Mary and the Witch’s Flower is not likely to convert anyone who has a kneejerk, instinctual dislike for the anime style of animation, as this is stylistically and tonally very much in the wheelhouse of Studio Ghibli efforts like Spirited Away or Ponyo.
(Sidenote: Mary’s director, Hiromasa Yonebayashi, worked as a director at Ghibli on such films as The Secret World of Arrietty. With Ghibli now largely defunct, Yonebayashi struck out on his own with Mary.)
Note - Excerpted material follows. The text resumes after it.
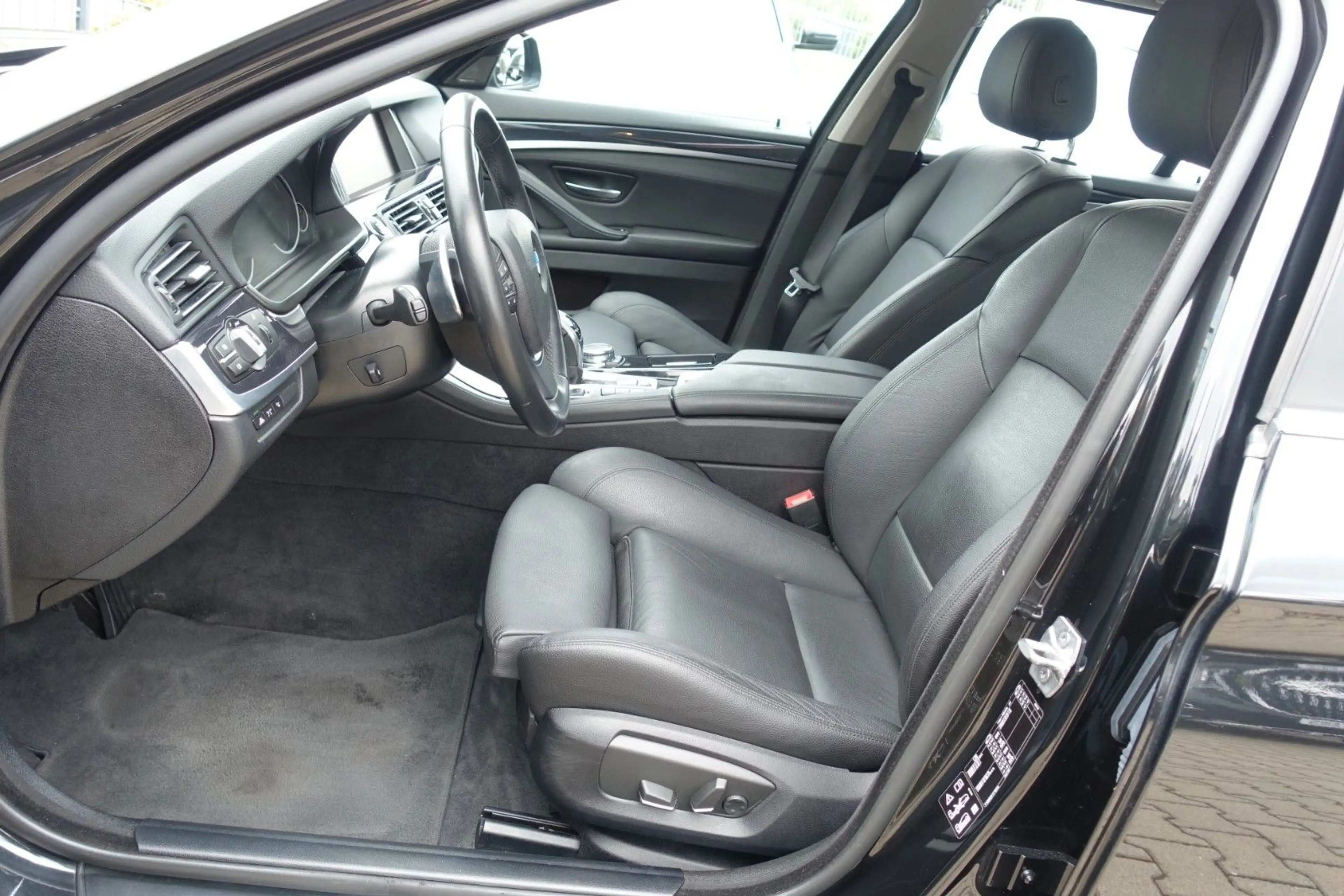 BMW 530 d Touring xDrive | LEDER | Head-Up | LED — photo 14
Mary and the Witch’s Flower is about Mary, and how she one day finds a witch’s flower. Fine, OK, there’s more. Mary is a young girl who finds herself spending a long boring summer at the home of her elderly great aunt. Desperate for something to do, Mary one day follows a black cat into the nearby forest and discovers the eponymous plant, the witch’s flower, and a broomstick. The flower gifts Mary with temporary magical powers, and the broom carries her off onto one of those magical quest things that the kids have these days.
Noticeably, the film follows a more traditional “Hero’s Journey” structure than some of your favorite Ghibli efforts. Where Hayao Miyazaki movies flow with a more episodic, naturalistic pacing, Mary and the Witch’s Flower feels somewhat more mechanical. You’ll know within a few minutes pretty much exactly where it is going on a narrative level, and there’s not a great deal of surprise on that front.
Where the film gets more innovative is with the gorgeous, hand-drawn animation. There’s nothing inherently wrong with computer animation, but there’s something about a really terrific bit of traditional animation to remind you of how lush and warm the format is, and how much you miss it from modern American animated features. Watching Mary feels akin to sinking into a beloved picture book, with frame after frame offering eye-popping visuals. The magical world of Mary and the Witch’s Flower feels huge and, most importantly, alive, as if the frame can barely contain all the ideas that Yonebayashi is cramming in.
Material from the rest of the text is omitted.